UNITED STATES DISTRICT COURT FOR THE DISTRICT OF SOUTH CAROLINA CHARLESTON DIVISION
Jul 8, 2016
C/A No. 2:15-CV-2009-RMG-MGB (D.S.C. Jul. 8, 2016)

Opinion

C/A No. 2:15-CV-2009-RMG-MGB

07-08-2016

United States of America, PLAINTIFF, v. Eugene Milford, DEFENDANT.


REPORT AND RECOMMENDATION

The United States of America brought this action against Eugene Milford, appearing pro se, to collect student loan debt. Defendant Milford counter-claimed alleging numerous claims against the United States of America. (Dkt. No. 21.) This matter is before the court on Plaintiff's Notice and Motion for Summary Judgment (Dkt. No. 26) and the Defendant's Motion for Summary Judgment. (Dkt. No. 29.) Pursuant to the provisions of Title 28, United States Code, Section 636(b)(1) and Local Rule 73.02(B)(2)(e), D.S.C., all pretrial matters in cases involving pro se litigants are referred to a United States Magistrate Judge for consideration. For the reasons stated herein, the undersigned recommends the Plaintiff's Motion for Summary Judgment (Dkt. No. 26) be granted and the Defendant's Motion for Summary Judgment. (Dkt. No. 29) be denied.

PLAINTIFF'S CLAIM

The Plaintiff's claim is a straight-forward collection action on a promissory note ("note") signed by the Defendant on April 20, 1999. (Dkt. No. 36-2.) Under the terms of the note, the Defendant was disbursed $34,266.58 between May 3, 1999, and May 4, 1999, and $28,141.60 between May 4, 1999, and May 25, 1999 at a variable interest rate to be determined annually. (26-2 at 1.) Following demand of payment, the Defendant defaulted on the loan on March 25, 2005. (Id.) The Plaintiff has credited $7,113.61 in payments to the loan from all sources including treasury offsets. (Id.) The Plaintiff alleges that the Defendant owes a principal balance of $74,758.08 and interest in the amount of $30,604.93 as of March 20, 2015. (Id.) The total amount owed as of March 20, 2015, was $105,363.01. (Id.) The interest continued to accrue at a current rate of 2.33% and a daily rate of $4.77 through June 30, 2015, at which time the interest rate may change under 20 U.S.C. 1087e. (Id.)

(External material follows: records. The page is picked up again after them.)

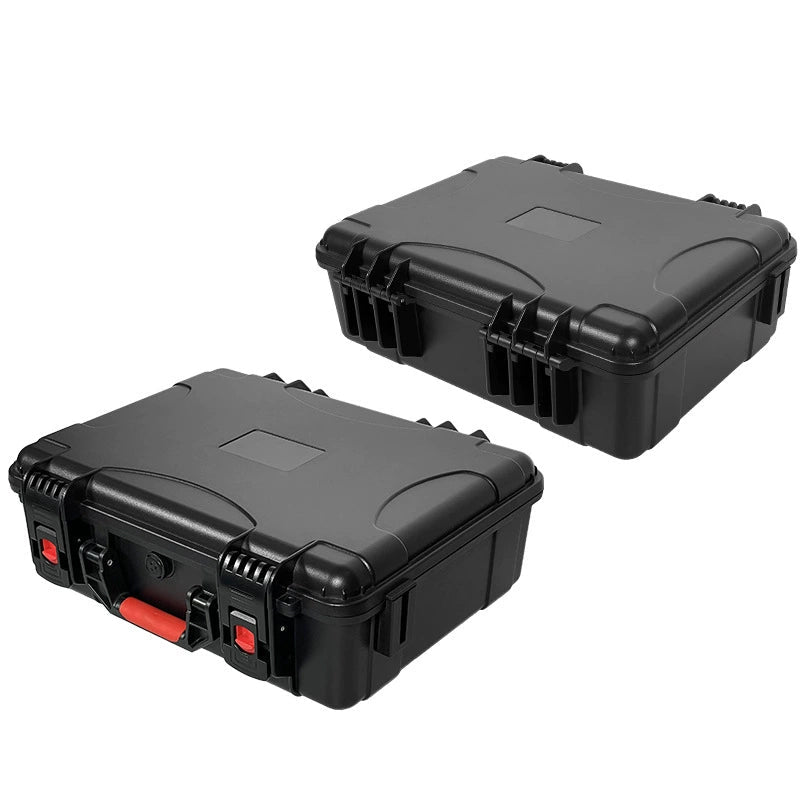 Heavy Duty Drone Box - Soft Rock Case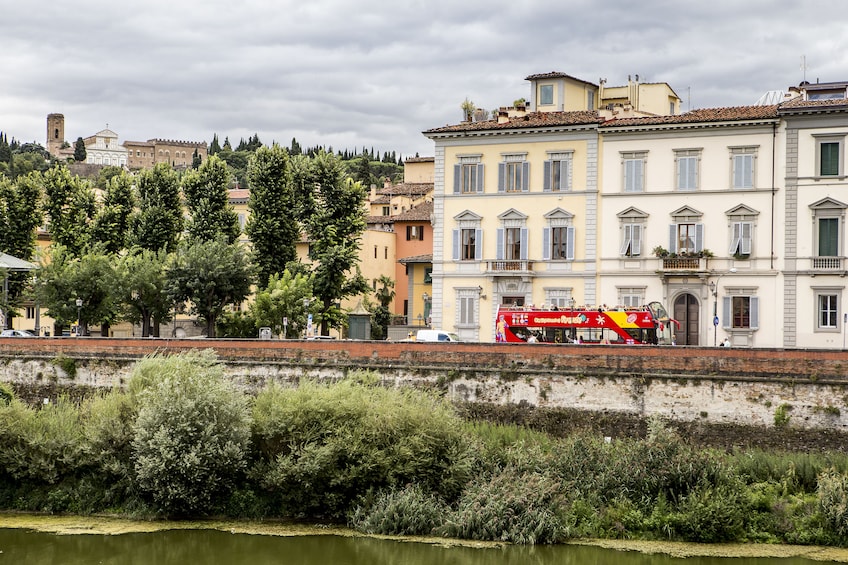 Florence Day Trip from Venice by high-speed train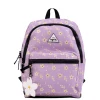 Peuter Rugzakken|Meisjesrugzakken>Little Legends Backpack L lila flower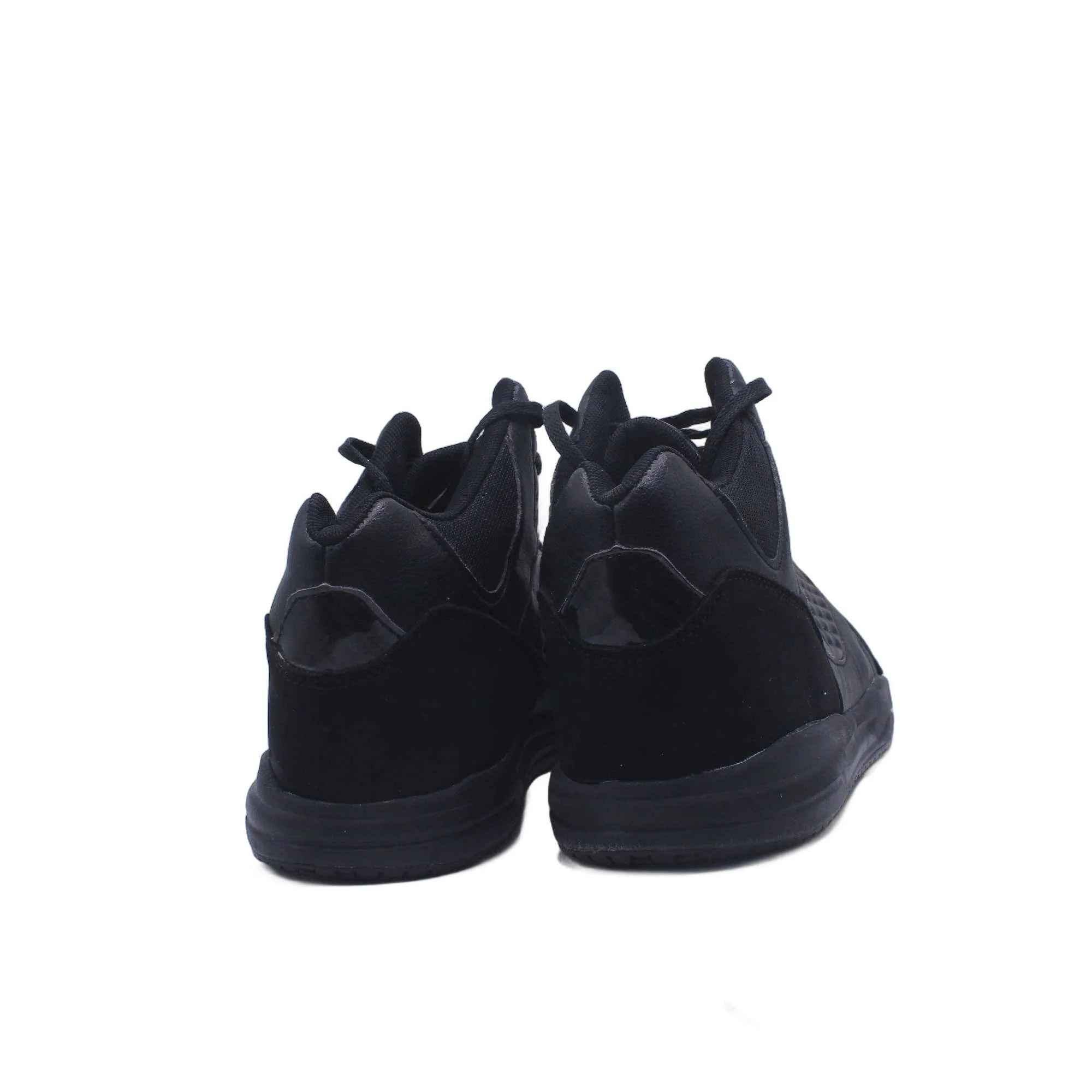 TredSafe Enduro Pro Oil & Slip Resistant Work Shoe - Image 4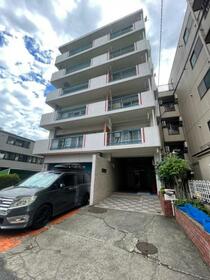 サンライフマンション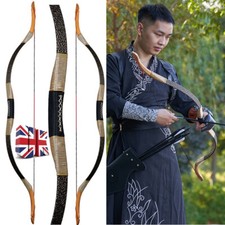 50lbs traditional recurve - 50lbs,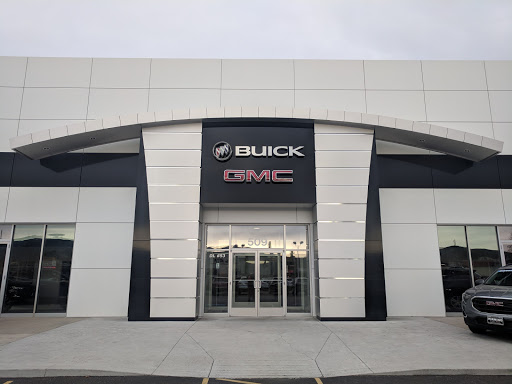 Hirning Buick GMC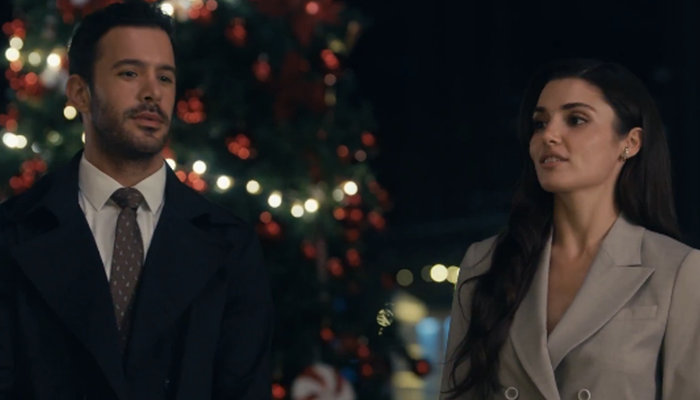 Seyirciler Hande Erçel konusunda ikiye bölündü! Yorum yağdı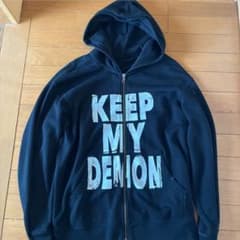 keep my demon 初期 Mサイズ swag - メルカリ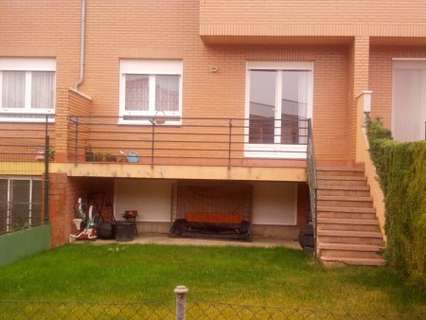 Chalet en venta en Santa María del Páramo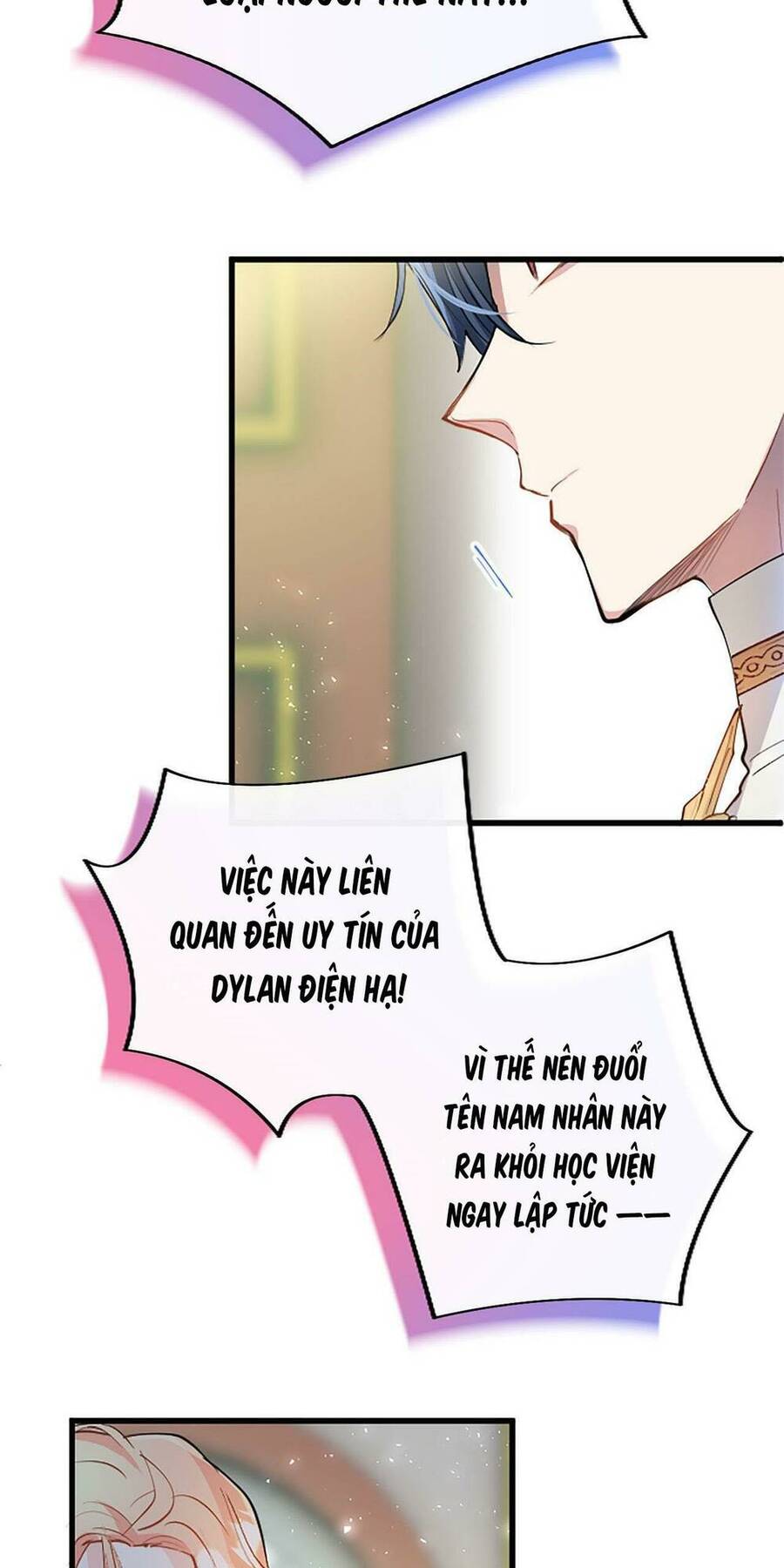 Đại Tiểu Thư Sao Phải Giả Nam Chapter 29 - Trang 2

The note was issued under the William D. Ford Federal Direct Loan Program, which is authorized by Title IV, Part D of the Higher Education Act of 1965, as amended ("HEA"), 20 U.S.C. § 1087a et seq. Under the Direct Loan Program, the Department of Education makes loans directly to borrowers, who repay the loans directly to the Department. 20 U.S.C. § 1087a et seq.

DEFENDANT'S CLAIMS

The Defendant filed an amended counter-claim and answer on August 13, 2015. (Dkt. No. 21.) The Defendant alleges many detailed facts relating to a guilty plea he entered in Sumter County, South Carolina on February 5, 1990. (Id.) The Defendant alleges facts attacking his subsequent Post Conviction Relief ("PCR") proceedings that occurred in October of 1993. (Id.) The Defendant alleges he attended the Columbia University School of Social Work and the Bank Street College of Education in the mid-1990's and graduated with dual master's degrees in social work and education. (Id.) The Defendant alleges that on April 26, 1999, he received a letter from the Plaintiff stating, "Since we haven't heard from you, we assume you are no longer interested in a Direct Consolidation Student Loan, and we have cancelled your loan application." (Id.; see also 21-1 at 1.)

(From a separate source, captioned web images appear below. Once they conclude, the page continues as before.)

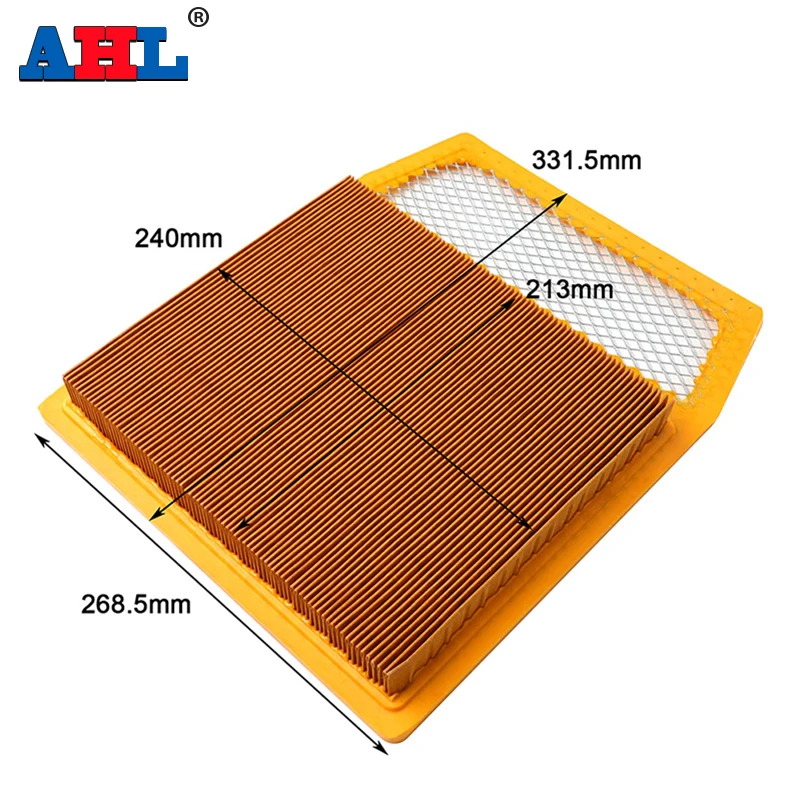 Motorcycle Parts Air Filter For Can-Am UTV 4x4 Maverick 1000 1000R Max 1000R XRS Turbo DPS XC XDS XMR XXC 707800327 
Motorcycle Parts Air Filter For Can-Am UTV 4x4 Maverick 1000 1000R Max 1000R XRS Turbo DPS XC XDS XMR XXC 707800327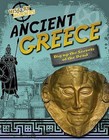Ancient Greece by Nancy Dickmann (Hardback, 2016)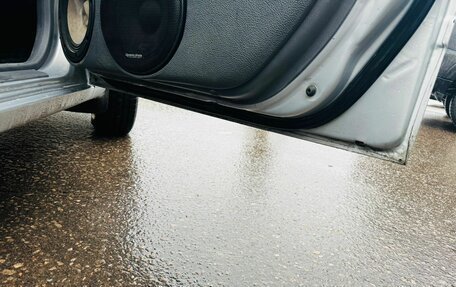 Hyundai Accent II, 2009 год, 495 000 рублей, 11 фотография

The Defendant alleges that in 2002 he was injured while on the job and was denied immediate compensation from a worker's compensation claim in New York. (Dkt. No. 21.) He later alleges that he received full compensation from this claim. He alleges that he went through Chapter 13 bankruptcy in Maryland on November 15, 2002, and that the note "should have been discharged." (Id. at 2.)

The Defendant alleges that on August 15, 2011, the Defendant was notified by the Plaintiff that the Department of the Treasury would offset any money the Defendant was owed by government until the loan was paid. (Dkt. No. 21 at 3.) The Defendant hired an attorney to challenge the note. (Id.) The parties attempted to mediate the dispute but the Defendant could not comply with any of the settlement terms offered by the Plaintiff. (Id.)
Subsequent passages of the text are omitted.